Real & Virtual Worlds — Week 3 (Viewing/Reviewing)

This week on Real & Virtual Worlds I spent the majority of my time for this unit on the PowerPoint presentation we are due to present on Monday. This one was a particularly interesting situation for me, as the topic options we were given related to a project I was already working on in my spare time.

Of the options we were given, the theme I ended up deciding on was primarily that of Autonomous vehicles and future transportation. For this purpose, the idea of a logistics game where you manage a science fiction space station seemed to fit well, with automated vehicles coming in and out of the station as you gradually improve the station.

I did struggle to try to find some references and research for this idea specifically, as there aren’t a lot of logistics games specifically in virtual reality, so instead I looked more towards traditional video games for inspiration, and using some virtual reality games as more of a visual inspiration than a mechanical inspiration.
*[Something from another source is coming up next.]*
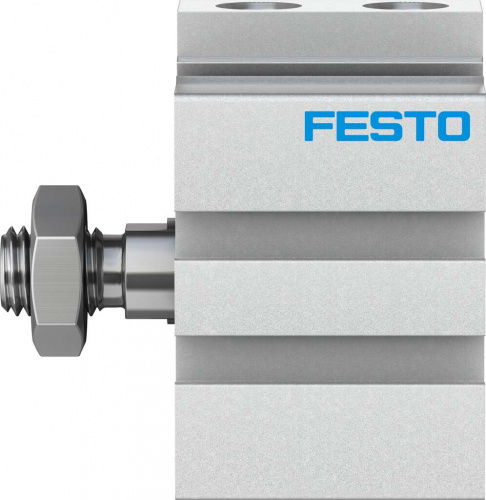 188219 Короткоходовый цилиндр ADVC-32-5-A-P FESTO 188219 Короткоходовый цилиндр ADVC-32-5-A-P FESTO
The key thing I had issue with here was creating a “message” for my idea. Something I realised last term was that I find it easy to come up with a mechanic or idea, but then struggle to translate that into a story. My goal isn’t to be a writer, so it’s not the biggest issue, but it’s something I’d like to be better at. I think the final message for this project is more of a positive one — Technological advancement isn’t necessarily bad or scary, we just need to be able to understand it more to make it appear less so. People of past generations had the same fears of video games, the internet, etc, so I can easily imagine themes like these being ones we see within our own lifetimes. I tried in the concept I came up with to reflect this attitude, keeping the game slow paced and enjoyable, to show that in some ways technology like this can be elegant and somewhat mesmerising to watch.


Outside of this project work, we were also asked to read, watch, and listen to a few things.

The first I watched of these was that of “The Matrix” (Specifically the first movie, in my case). If I had more time, I’d love to watch the entire trilogy to see how it expands the story, but it was still a fun and thought provoking film to watch standalone. Despite how dated some of the CGI now looks in the film, a lot of its messages and pivotal themes still hold up, especially with the world becoming more focused on technology and the internet as time goes on.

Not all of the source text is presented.